На открытии персональной выставки «Солнечная вершина», Минск, 2018 г.
— У вас есть любимый зал в НХМ?
— Тот, где работы Мая Данцига. Это зал белорусского искусства, хотя мне особо близок его конкретный период — искусство начала 1950 — 1970‑х.
— О чем думаете чаще: о картинах или о бумагах на рабочем столе?
— Мне повезло: я умею думать обо всем одновременно. Сюжет для новой картины может прийти в течение любого, даже самого напряженного и загруженного работой дня. У художника нет выходных.
— После назначения на должность генерального директора, что первое вы принесли в рабочий кабинет?
— Скульптуру отца. Еще одна его работа стоит здесь, в мастерской. Видите? (Показывает.) Называется «Фламенко».
Галина, Владимир и Анна Кононовы на открытии семейной выставки «Фламенко творческих пространств», Могилев, 2016 г.
— А ваши картины висят в вашем рабочем кабинете?
— Там сейчас ремонт, поэтому пока на стенах пусто. Конечно, чуть позже буду как‑то украшать. Точно знаю, что это будут работы, которые греют душу и сердце. Свои? Возможно. Что‑то брать из музейной коллекции опасно, поскольку в помещении должен быть соответствующий климат. А вообще, мечтаю повесить какое‑нибудь из произведений Раисы Кудревич. Меня очень вдохновляет ее творчество: солнечное, жизнерадостное.
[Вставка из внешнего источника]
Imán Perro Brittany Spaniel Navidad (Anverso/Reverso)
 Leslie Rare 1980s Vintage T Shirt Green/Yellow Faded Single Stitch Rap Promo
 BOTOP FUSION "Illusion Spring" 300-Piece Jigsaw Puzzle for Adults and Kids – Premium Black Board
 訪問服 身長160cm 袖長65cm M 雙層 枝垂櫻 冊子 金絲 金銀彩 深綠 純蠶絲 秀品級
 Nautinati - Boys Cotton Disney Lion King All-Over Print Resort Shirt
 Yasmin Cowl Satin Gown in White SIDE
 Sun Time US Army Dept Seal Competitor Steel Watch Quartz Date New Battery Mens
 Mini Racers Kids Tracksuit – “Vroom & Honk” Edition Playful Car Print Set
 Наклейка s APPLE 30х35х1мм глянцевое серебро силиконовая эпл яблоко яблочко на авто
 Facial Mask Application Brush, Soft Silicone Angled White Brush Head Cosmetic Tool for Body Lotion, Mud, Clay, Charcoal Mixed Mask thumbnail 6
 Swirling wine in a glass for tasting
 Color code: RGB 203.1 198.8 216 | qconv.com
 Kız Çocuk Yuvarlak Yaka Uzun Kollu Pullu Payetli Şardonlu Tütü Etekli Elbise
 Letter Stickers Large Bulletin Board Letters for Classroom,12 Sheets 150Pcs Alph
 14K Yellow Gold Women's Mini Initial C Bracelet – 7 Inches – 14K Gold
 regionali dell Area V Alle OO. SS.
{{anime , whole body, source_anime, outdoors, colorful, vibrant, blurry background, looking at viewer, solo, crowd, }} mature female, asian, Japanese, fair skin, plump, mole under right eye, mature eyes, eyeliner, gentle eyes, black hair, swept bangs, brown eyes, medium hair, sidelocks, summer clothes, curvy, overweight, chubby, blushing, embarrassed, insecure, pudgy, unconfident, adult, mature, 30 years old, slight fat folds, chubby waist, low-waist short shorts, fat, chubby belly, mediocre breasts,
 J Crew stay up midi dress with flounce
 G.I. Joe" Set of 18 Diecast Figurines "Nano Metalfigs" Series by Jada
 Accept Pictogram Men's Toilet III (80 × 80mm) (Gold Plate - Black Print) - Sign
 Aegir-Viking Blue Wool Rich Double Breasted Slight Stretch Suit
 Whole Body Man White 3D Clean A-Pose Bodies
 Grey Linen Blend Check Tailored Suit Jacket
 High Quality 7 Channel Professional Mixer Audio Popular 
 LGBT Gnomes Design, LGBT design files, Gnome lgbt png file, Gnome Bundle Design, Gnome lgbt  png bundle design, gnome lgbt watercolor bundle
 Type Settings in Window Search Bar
Так что пока только вынашиваю план, что у меня будет в экспозиции.
— Разрешите давний спор: нужно ли брать детей с собой в музей? Что вообще может ребенок понять в искусстве?
— Не просто нужно, а обязательно нужно водить детей в музеи. Искусство лечит и воспитывает в первую очередь душу. Это как ходить в храм с самого детства. В этот момент происходит работа, которая обогащает душу человека. Человек ведь триедин, у него есть тело, дух и душа. Со всем этим нужно работать. Так что я в восторге, когда маленькие детки приходят к нам в музей. И хочу, чтобы их было еще больше.
— Если встанет вопрос: семья или карьера — что выберете?
— А разве обязательно нужно выбирать? Если вторая половина подарена судьбой, то все это, я считаю, можно прекрасно совмещать. Я вообще человек команды: и в работе, и в семье. А что такое команда в семье? Это две личности, которые сошлись, но смотрят в одну сторону и во всем помогают друг другу. То, что полезно для пути одного в паре, то он и делает. Задача второго — поддержать. У меня пока с этим не сложилось. Но верю, что все впереди.— Среди самых неожиданных вещей в вашей мастерской — модная портативная колонка. Что вы слушаете, когда работаете у мольберта? Ритмы фламенко?
— И это тоже. Люблю работать под классику, обожаю музыку Фредерика Шопена. Еще часто включаю латиноамериканские композиции, саундтреки из любимых фильмов. Например, из «Любовного настроения» Вонга Карвая. Есть любимая песня из драмы «Фрида». Часто включаю инструментальные композиции с виолончелью, к ней осталась любовь из детства. Сама давно не играю, но по инструменту скучаю. Тоже внутри все зовет. Жаль, что нельзя прожить еще несколько жизней в одной.
Фото Кирилла Стасько и из личного архива Анны Кононовой.